Problem requirements :: Working from the data below, write out exactly the lines from its first through the line that contains "Imagine yourself in", both ends included and pictures omitted.

Supplied material ::
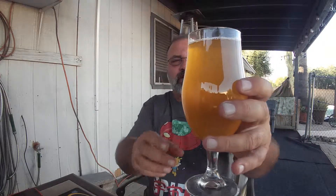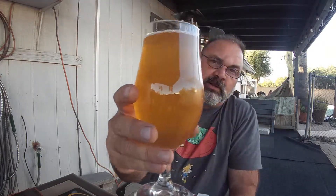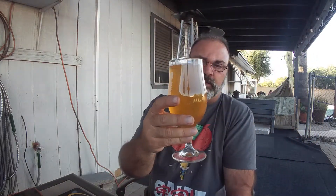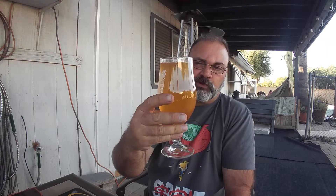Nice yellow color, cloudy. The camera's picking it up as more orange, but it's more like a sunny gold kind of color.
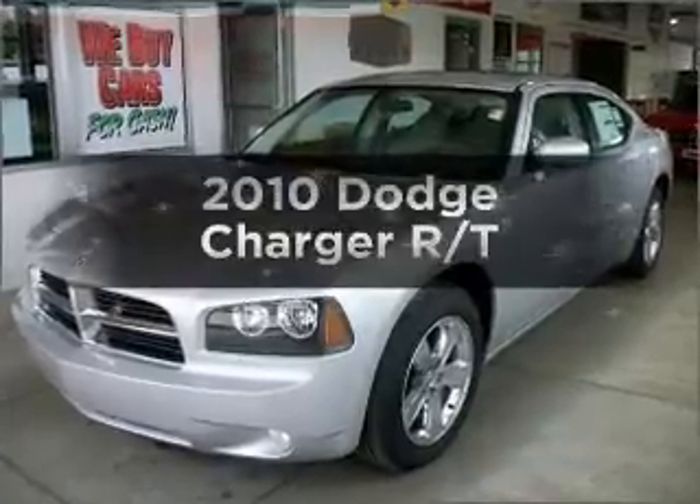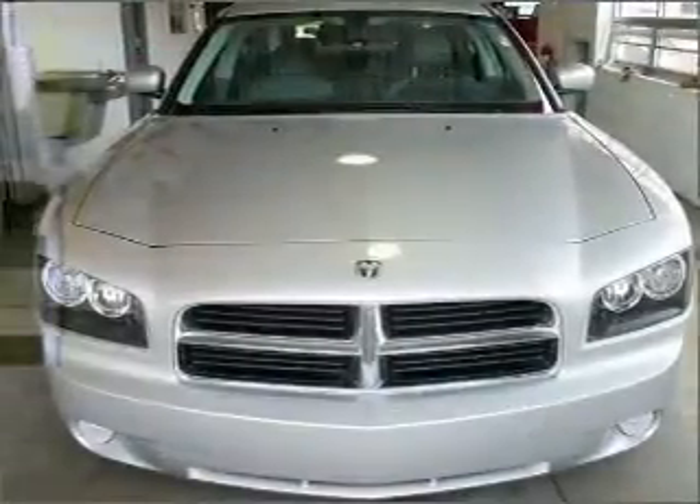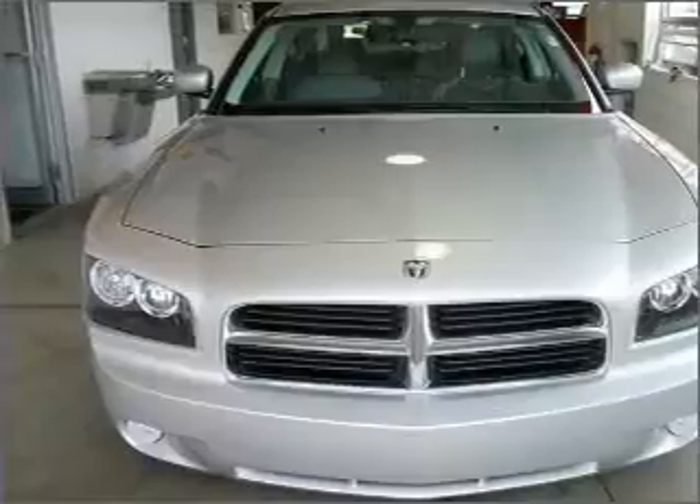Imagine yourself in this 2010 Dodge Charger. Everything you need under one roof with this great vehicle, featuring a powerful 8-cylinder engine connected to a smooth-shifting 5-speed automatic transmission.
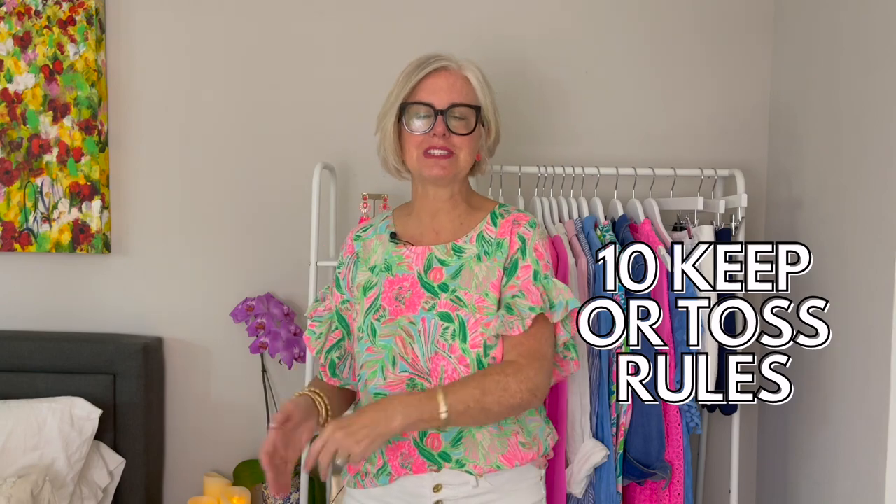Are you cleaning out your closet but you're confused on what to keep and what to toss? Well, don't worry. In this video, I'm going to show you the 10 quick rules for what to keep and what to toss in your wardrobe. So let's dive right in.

Output for this task ::
Nice yellow color, cloudy. The camera's picking it up as more orange, but it's more like a sunny gold kind of color.
Imagine yourself in this 2010 Dodge Charger. Everything you need under one roof with this great vehicle, featuring a powerful 8-cylinder engine connected to a smooth-shifting 5-speed automatic transmission.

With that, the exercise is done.